■ RECORDS FOR THIS TASK
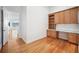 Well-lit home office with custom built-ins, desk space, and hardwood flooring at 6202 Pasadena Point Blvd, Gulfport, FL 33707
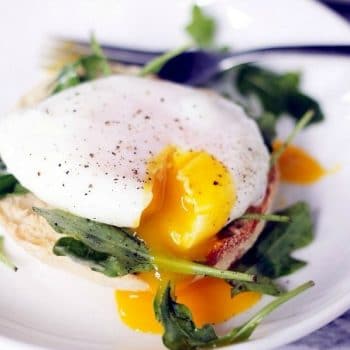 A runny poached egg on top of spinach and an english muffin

---

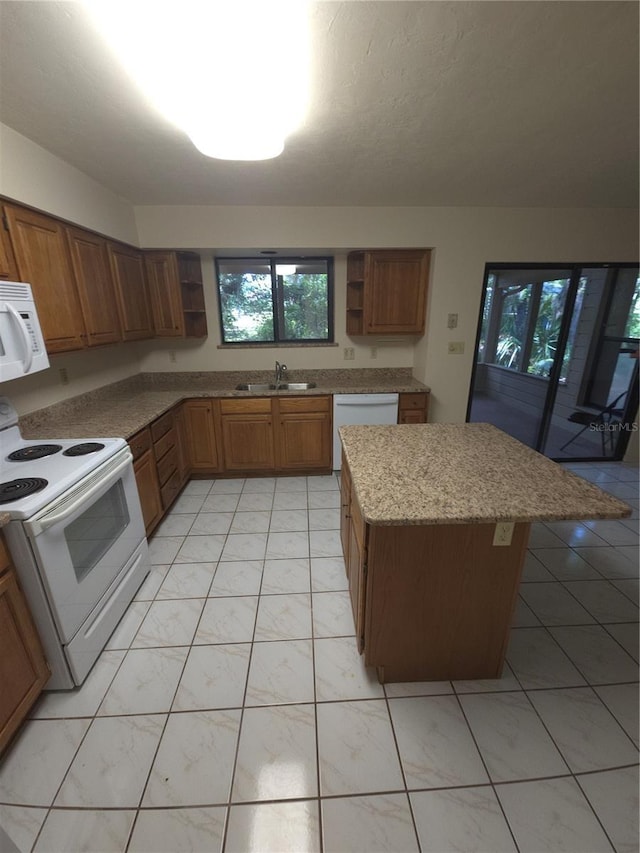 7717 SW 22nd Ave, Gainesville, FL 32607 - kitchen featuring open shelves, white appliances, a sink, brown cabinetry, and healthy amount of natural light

...

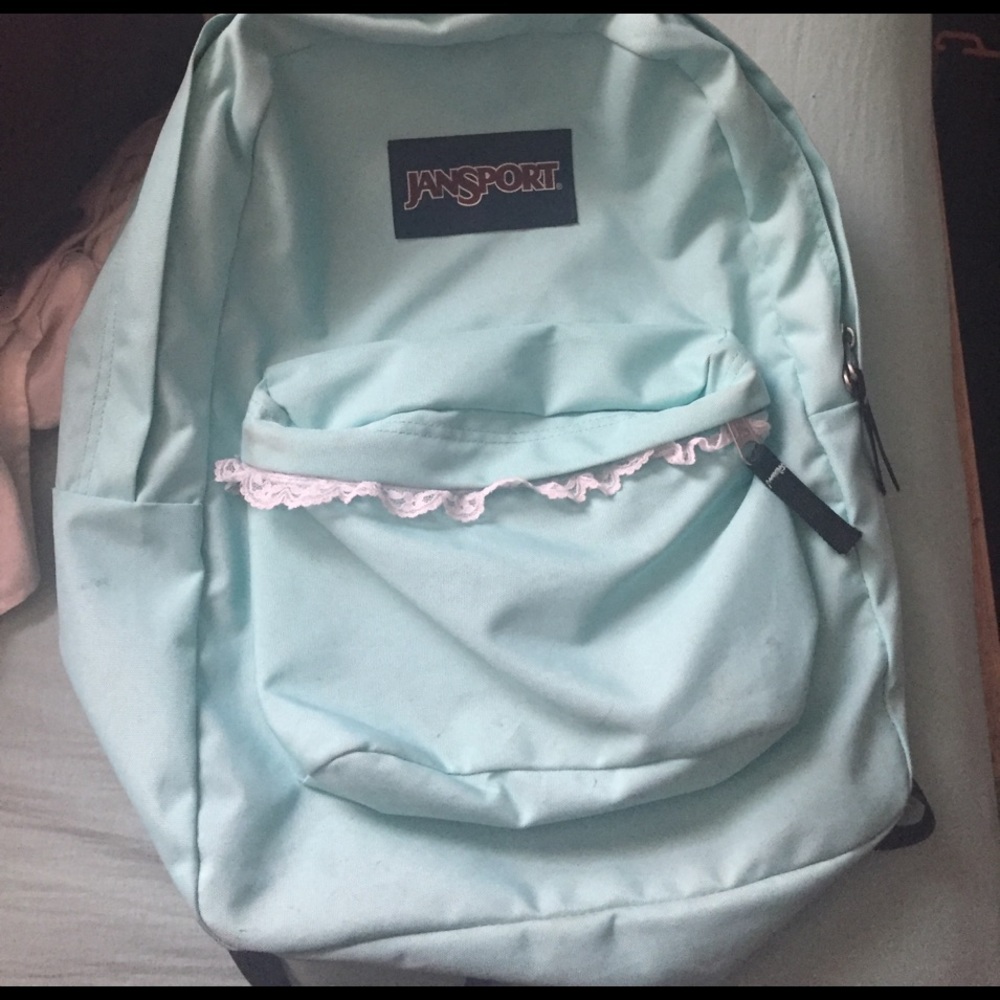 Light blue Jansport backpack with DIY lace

■ TRY IT
Beginning at the line above that contains "Well-lit home office", repeat each line exactly through the one that contains "A runny poached", and leave out the pictures.

■ SOLUTION
 Well-lit home office with custom built-ins, desk space, and hardwood flooring at 6202 Pasadena Point Blvd, Gulfport, FL 33707
 A runny poached egg on top of spinach and an english muffin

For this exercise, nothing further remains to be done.